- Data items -
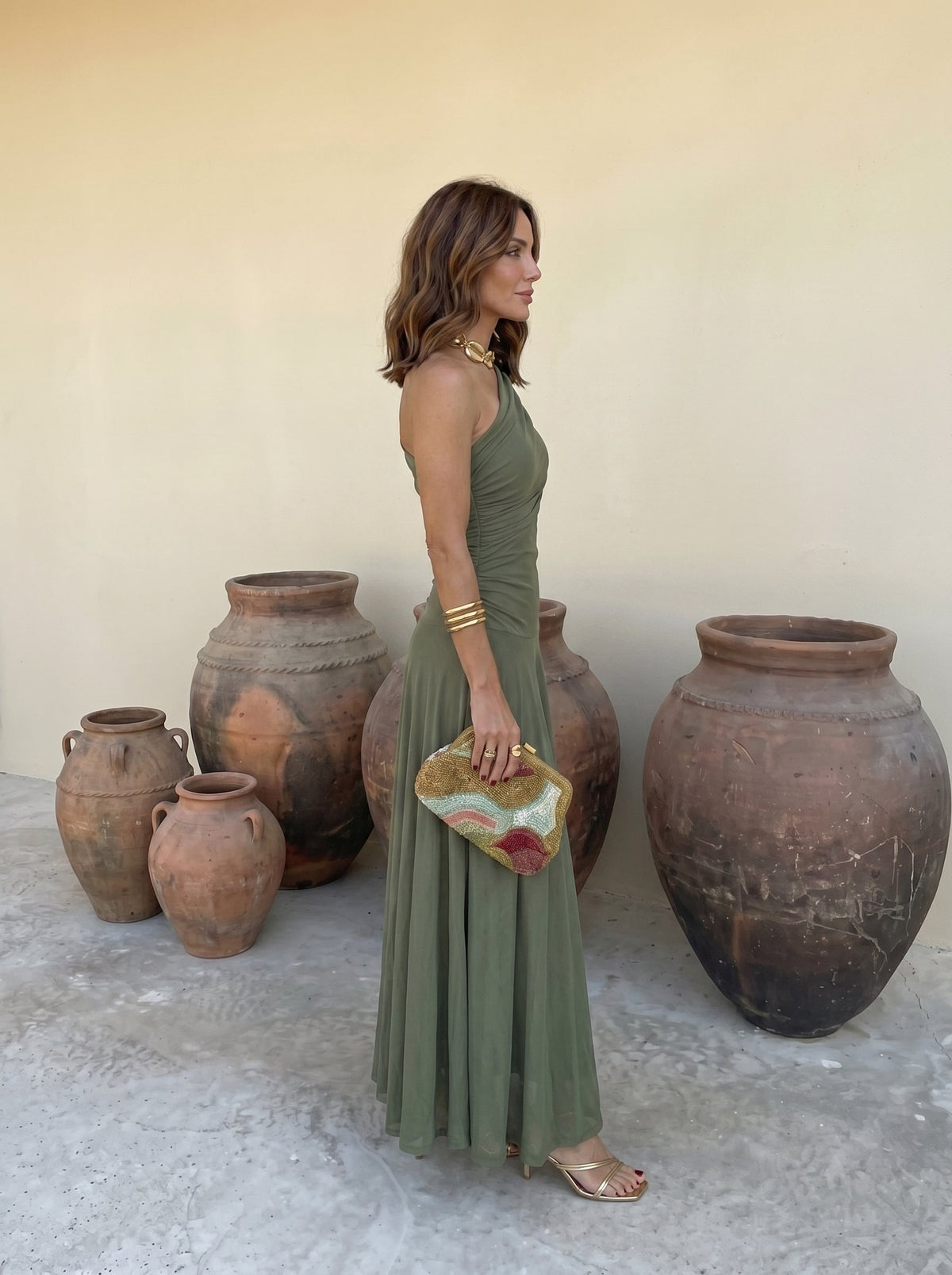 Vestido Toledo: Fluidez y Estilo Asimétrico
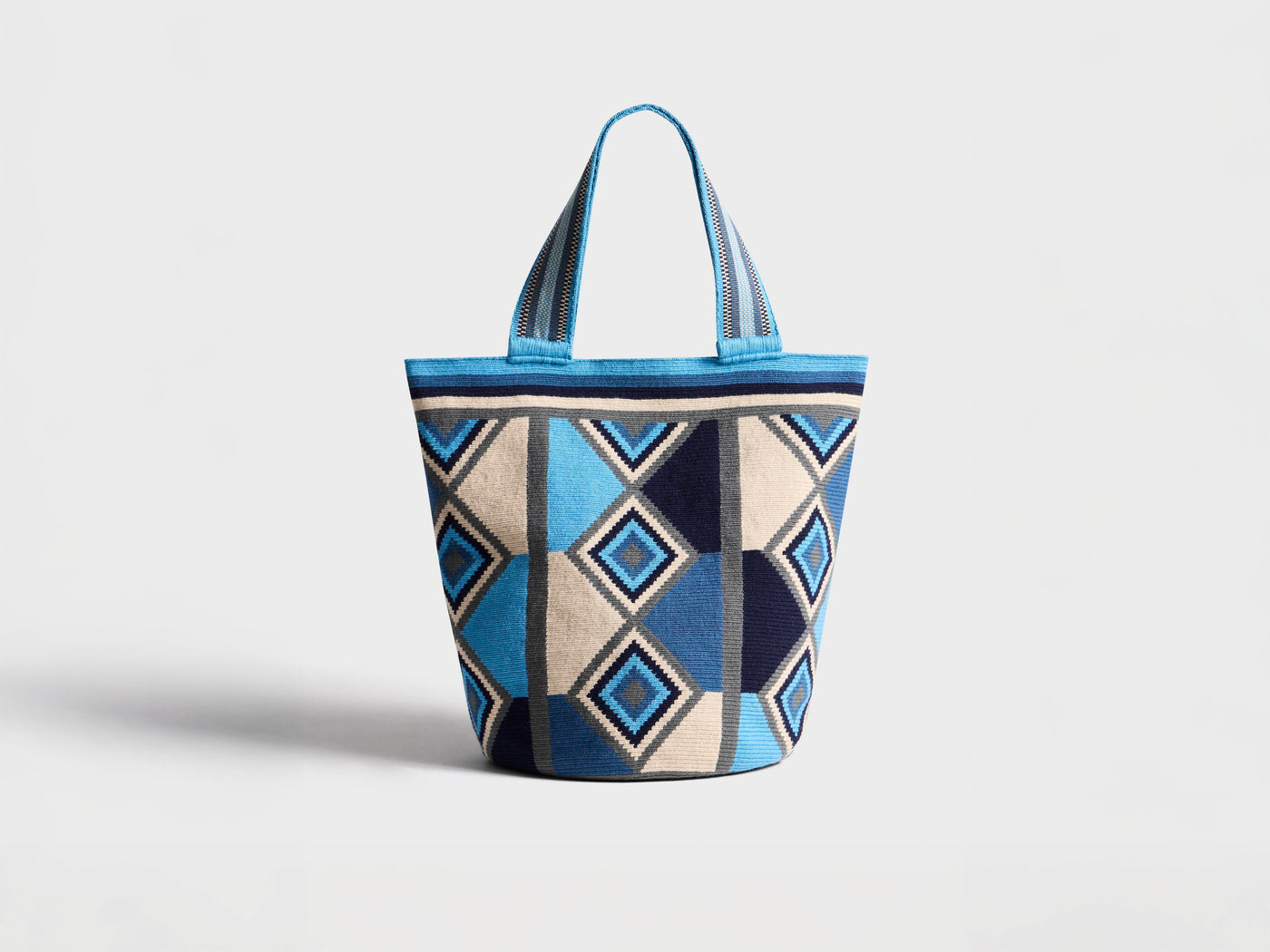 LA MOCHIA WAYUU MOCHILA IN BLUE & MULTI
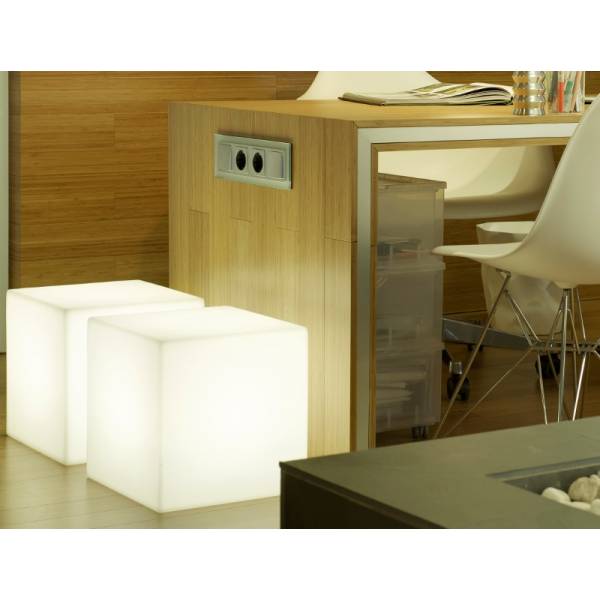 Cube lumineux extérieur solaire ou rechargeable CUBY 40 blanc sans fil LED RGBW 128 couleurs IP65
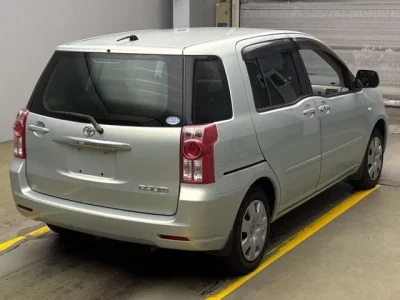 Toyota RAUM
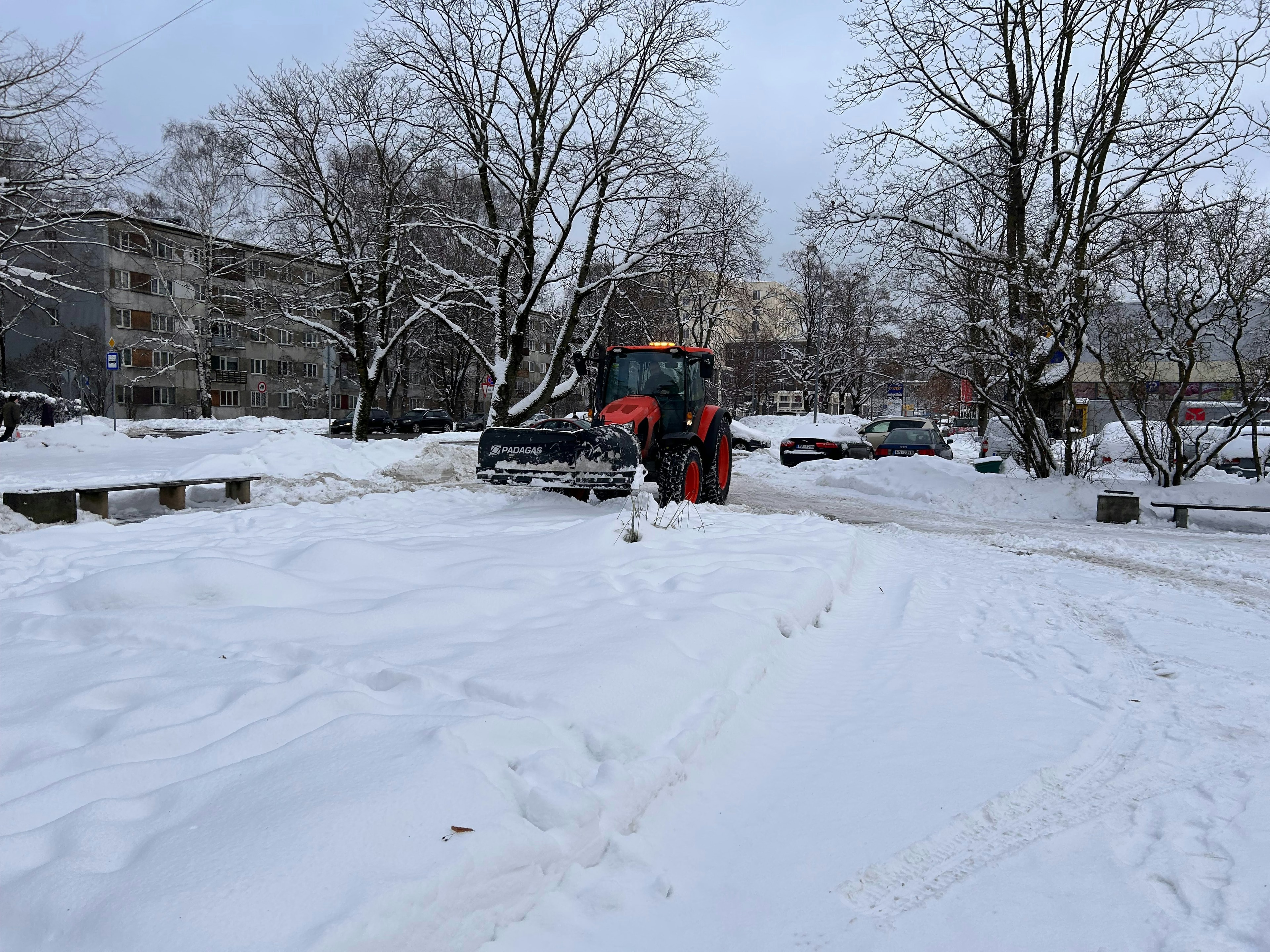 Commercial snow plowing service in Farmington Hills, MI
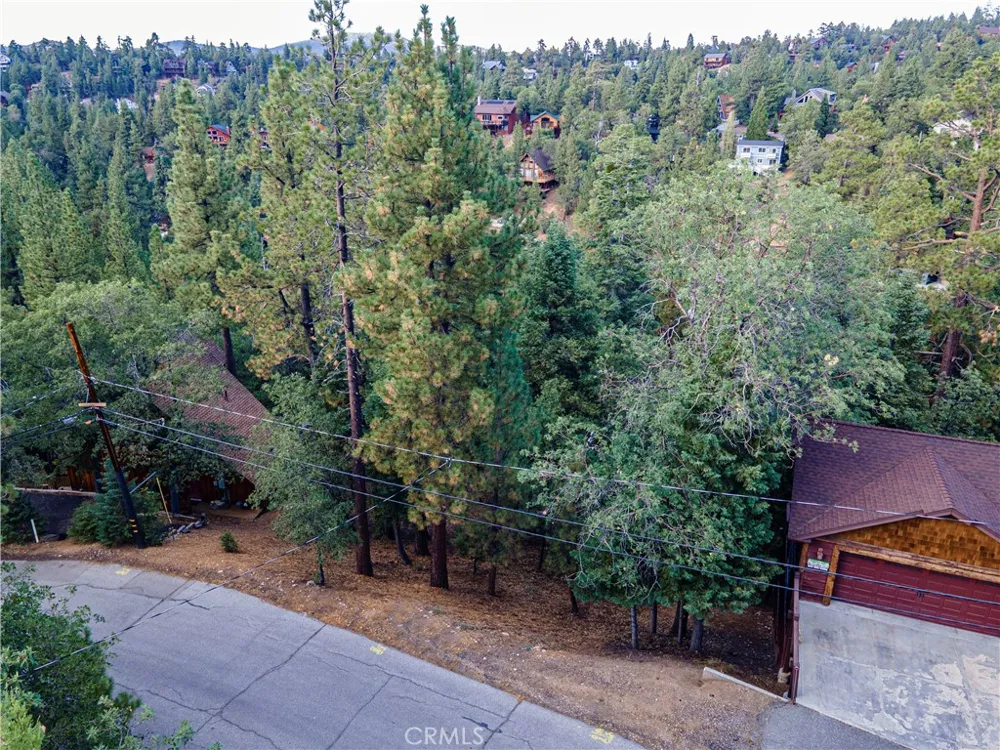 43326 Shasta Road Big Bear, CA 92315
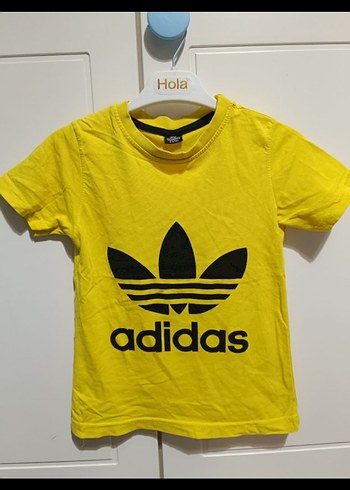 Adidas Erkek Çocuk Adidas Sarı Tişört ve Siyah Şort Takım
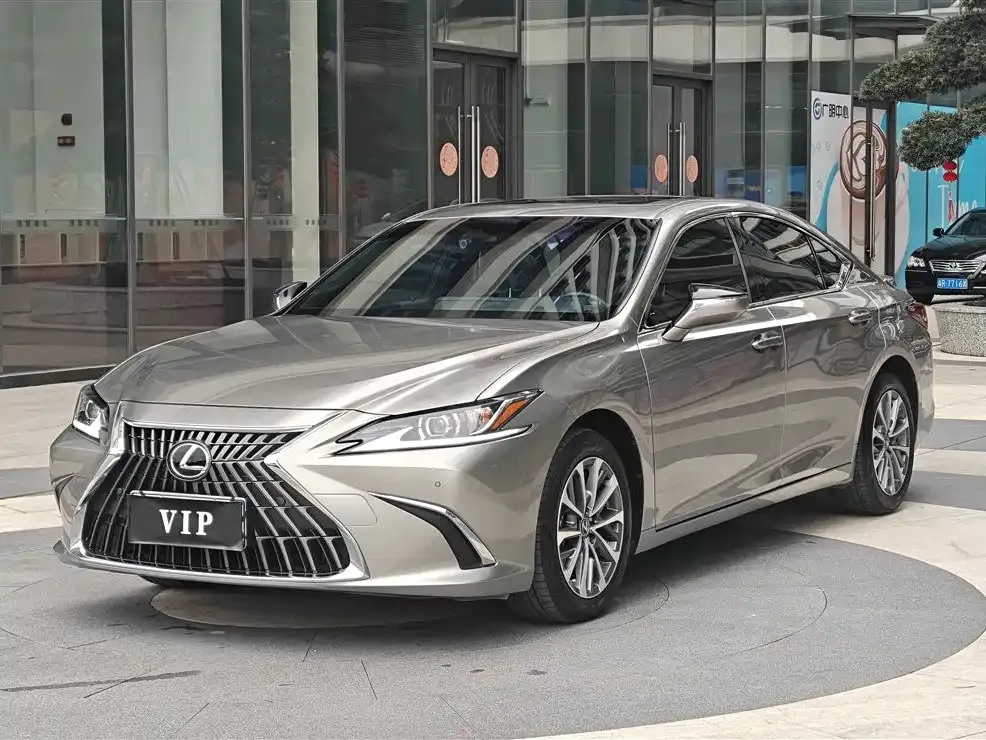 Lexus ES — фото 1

- Task instructions -
What must be output is the exact run of lines from the one holding "Adidas Erkek Çocuk" through the end of the entries above, both ends included, minus the pictures.

- Written solution -
 Adidas Erkek Çocuk Adidas Sarı Tişört ve Siyah Şort Takım
 Lexus ES — фото 1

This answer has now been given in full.